NaNoWriMo and Kvetching
Over at her own site, Mary Robinette Kowal notes that at the moment there are some published novelists who are bagging on National Novel Writing Month and calling it waste of time and a bad idea for aspiring writers. She counters this by noting that her novel Shades of Milk and Honey (which is fabulous, by the way) was a NaNoWriMo novel — that is to say she wrote it first as part of the that experience, then finished it and sent it off. So the suggestion that NaNoWriMo is a waste of time and/or effort is pretty definitively rebutted in her own experience.
My own comments to folks, professional novelists or otherwise, who want to hate on NaNoWriMo is as follows:
1. Dude, a program that encourages thousands of people annually to celebrate the act of creating words — of creating their own words — and you want to piss all over that? If you look to the right, I have some kittens you can set on fire while you’re at it.
2. Even if you think it’s a waste of time, it’s not a waste of of your time, so why do you care?
3. Alternately, even if something like NaNoWriMo doesn’t match your own writing process, there are a lot of writing processes out there. So if this one works for some aspiring writers, don’t crap on them for it.
The third point here is especially salient. One of the kvetches I’ve seen from the pro set about NaNoWriMo is that writing a novel only in one month, once a year, is not the way pros do it, and it sets a bad example for up and coming writers. And my own response to that is, well, maybe that’s not how you do it. But you know what, in 2009 I wrote one novel, and I wrote in about five weeks very much on a NaNoWriMo plan of writing a certain volume of words per day, and then for the rest of the year I did and wrote other things. I have to say it worked out pretty well for me. And I’m fairly sure I qualify as a pro. I mean, I’ll have to check. But for now let’s assume I am.

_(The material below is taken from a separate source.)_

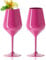Doimoflair Weingläser aus Kunststoff bruchsicher Weinbecher Sektgläser Plastik Pink 47 cl.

As Mary notes over on her site, one of the hardest things newer writers face when tackling a novel is conceptualizing the idea that they are going to scale a mountain of words in one extended go. Writing a novel’s worth of words is hard, and it’s even harder when you’ve not done it before and you’re psyching yourself out about it. NaNoWriMo offers a way for these writers to take a swing at that process in a systematized fashion, and in a crowd, and both of these things can offer a fair amount of psychological comfort to a person embarking on what is in fact a lonely and arduous process of sitting in front of a keyboard with a goal of about two thousand words a day.
Is it going to work for everyone? No. Is it going to be useful for everyone? No. But it’s going to be useful for some, and that’s fine — the ones it’s not useful for will find some other way to climb that mountain. Meanwhile the skills that those it works for learn — write every day, keep writing, get that story done — are skills that are transferable outside of the NaNoWriMo context and will be a benefit when that new writer, having completed the task of writing 50,000 words in one month, decides to try to write 100,000. In April. Or whenever. Yes, there may be some people who fetishize NaNoWriMo or take less than useful lessons from it (“Novels must be 50,000 words! They must only be written in November!”), but let’s entertain the notion that this will be more about those particular people than it is about NaNoWriMo.
So if you’re a pro novelist or whomever wringing your hands over NaNoWriMo, remember that hands are for typing, not for wringing, and get back to your own work and let the kids have their fun. If you’re a NaNoWriMo participant and you’ve heard the grousing of the pros, ignore it and enjoy your experience of banging out words. In the end, no one cares how or why or under what circumstances a novel has been created, they care about the words on the page. Readers don’t read process. They read novels.